When you have a baby, you measure the age in weeks, then months, then years. Somewhere around two or three years of age, you start describing the child as a two-year-old as opposed to a something-month-old. So much happens in each of those early weeks and months. You must divide the time into smaller increments in order to mark the march of time and all that it entails. With death it is the same. It was days, then weeks, then months. Every month on the “5th of...” there would be a wave of emotion to anticipate, to sit through, and then to mark. It’s not markers of development like with the littles, instead it’s markers of things no more. She’ll never see my kids ride bikes or hang upside down in trees. I can imagine her laughing at the way my daughter says “bootiful” or the way my youngest son gives slobbery kisses. Sometimes when I laugh at the sweet things they do, I hear her in my own laugh.
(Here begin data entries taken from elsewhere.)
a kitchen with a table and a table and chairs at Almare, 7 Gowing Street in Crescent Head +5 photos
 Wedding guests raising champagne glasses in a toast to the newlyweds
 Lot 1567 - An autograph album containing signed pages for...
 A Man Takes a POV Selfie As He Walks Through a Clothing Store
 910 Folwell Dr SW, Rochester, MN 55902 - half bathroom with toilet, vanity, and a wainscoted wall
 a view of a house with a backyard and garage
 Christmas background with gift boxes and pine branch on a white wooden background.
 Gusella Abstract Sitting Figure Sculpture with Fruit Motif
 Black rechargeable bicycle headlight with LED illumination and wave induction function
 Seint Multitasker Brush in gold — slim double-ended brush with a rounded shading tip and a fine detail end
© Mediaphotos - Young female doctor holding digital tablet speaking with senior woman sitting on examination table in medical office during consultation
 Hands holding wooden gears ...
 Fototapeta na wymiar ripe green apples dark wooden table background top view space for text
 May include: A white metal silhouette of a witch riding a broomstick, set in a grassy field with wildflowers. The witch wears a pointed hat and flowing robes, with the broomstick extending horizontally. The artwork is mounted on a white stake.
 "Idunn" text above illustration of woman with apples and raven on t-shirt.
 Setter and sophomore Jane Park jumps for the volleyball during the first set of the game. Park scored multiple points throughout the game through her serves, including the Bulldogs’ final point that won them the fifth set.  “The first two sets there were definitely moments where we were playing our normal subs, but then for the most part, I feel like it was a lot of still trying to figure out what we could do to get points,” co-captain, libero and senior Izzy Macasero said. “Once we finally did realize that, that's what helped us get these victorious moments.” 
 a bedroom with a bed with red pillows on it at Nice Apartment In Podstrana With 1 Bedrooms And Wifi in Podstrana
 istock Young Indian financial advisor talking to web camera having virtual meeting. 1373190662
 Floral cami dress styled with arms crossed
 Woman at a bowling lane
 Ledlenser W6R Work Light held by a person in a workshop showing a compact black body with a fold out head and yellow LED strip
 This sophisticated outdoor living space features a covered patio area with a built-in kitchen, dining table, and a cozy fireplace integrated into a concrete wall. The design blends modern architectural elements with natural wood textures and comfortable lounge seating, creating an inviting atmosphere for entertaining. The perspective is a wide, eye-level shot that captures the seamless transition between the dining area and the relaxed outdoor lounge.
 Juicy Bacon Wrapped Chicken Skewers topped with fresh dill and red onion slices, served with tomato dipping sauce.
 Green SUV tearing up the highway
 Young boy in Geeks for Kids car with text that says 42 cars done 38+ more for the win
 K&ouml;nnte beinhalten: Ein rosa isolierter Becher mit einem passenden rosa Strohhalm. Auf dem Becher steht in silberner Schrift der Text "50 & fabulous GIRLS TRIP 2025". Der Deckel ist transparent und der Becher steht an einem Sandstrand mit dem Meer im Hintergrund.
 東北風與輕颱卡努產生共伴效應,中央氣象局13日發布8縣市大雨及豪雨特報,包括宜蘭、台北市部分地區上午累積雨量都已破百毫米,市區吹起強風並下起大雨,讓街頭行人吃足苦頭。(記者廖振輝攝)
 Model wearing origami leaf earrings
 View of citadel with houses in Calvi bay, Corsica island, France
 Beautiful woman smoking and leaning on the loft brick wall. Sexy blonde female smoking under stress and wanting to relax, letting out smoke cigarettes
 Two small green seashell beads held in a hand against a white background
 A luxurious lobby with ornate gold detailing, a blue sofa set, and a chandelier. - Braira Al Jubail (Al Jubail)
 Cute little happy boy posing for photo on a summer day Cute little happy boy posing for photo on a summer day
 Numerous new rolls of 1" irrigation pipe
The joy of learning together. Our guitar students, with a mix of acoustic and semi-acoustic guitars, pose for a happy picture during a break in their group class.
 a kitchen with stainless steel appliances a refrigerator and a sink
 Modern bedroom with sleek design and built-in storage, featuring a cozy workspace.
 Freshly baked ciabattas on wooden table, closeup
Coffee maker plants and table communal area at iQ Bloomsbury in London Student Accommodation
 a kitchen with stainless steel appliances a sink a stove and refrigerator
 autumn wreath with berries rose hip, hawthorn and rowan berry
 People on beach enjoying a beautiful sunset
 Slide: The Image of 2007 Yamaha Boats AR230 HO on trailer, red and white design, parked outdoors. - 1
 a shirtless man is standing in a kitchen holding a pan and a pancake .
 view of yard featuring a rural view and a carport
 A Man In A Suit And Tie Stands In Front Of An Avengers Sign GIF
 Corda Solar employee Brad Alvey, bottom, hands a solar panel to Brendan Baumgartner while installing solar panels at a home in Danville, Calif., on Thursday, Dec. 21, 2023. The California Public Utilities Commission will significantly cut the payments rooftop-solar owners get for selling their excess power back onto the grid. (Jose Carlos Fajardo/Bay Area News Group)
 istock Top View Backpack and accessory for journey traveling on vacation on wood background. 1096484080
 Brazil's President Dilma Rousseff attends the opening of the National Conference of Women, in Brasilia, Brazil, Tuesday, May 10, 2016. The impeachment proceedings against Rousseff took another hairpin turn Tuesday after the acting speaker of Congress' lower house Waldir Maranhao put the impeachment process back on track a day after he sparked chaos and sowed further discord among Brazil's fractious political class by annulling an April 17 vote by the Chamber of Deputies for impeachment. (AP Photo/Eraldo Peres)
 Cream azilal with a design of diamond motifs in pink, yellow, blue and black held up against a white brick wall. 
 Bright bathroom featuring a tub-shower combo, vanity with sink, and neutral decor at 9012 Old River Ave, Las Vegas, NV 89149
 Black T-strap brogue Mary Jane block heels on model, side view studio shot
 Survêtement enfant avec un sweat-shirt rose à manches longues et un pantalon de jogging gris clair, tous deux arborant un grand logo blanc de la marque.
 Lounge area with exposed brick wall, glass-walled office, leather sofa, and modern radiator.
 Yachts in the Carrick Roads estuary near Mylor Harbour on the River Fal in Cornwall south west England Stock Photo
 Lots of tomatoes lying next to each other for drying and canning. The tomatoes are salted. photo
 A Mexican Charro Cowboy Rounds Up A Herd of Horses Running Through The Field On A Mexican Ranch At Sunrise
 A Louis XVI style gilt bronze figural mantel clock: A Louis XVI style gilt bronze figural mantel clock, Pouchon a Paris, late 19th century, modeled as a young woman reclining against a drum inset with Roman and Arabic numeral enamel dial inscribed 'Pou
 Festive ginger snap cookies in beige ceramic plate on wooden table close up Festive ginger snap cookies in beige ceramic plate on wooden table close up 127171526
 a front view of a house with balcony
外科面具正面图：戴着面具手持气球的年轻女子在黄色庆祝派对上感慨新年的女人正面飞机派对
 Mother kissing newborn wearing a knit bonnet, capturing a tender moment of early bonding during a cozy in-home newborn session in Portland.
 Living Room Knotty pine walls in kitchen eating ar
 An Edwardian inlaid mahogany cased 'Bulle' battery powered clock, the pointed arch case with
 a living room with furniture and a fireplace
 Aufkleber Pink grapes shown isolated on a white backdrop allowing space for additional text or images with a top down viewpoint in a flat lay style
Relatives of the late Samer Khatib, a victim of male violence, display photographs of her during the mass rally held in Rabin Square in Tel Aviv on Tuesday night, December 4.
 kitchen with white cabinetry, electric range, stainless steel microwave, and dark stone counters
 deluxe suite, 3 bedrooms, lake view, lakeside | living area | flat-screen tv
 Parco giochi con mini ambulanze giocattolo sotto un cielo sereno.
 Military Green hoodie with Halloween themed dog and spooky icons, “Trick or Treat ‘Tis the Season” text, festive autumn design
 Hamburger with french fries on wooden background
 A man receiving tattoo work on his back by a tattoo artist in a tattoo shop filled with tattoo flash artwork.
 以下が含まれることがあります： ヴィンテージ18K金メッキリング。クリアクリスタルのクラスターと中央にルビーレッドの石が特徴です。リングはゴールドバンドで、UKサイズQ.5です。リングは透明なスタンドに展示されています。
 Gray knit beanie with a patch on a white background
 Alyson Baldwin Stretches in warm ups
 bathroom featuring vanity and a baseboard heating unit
When I read a book about someone dying of a horrible lung disease like she did, I recall the facetime I didn’t have with her at doctor’s appointments, enduring painful treatments, reliving favorite moments. I was busy a few states away counting the giggles and steps and months of life with little ones, while she lay dying. Like Kalanithi, I sit with this discomfort. It is a painful knowledge with which there is no reckoning. There is no answer and there is no chart explaining it; it is an emotional terminality with which I imagine I will always struggle. It is the messiness of life and death, the cycle of parenting and raising children, but the far other side we don’t think about when changing diapers and dropping off kids at preschool.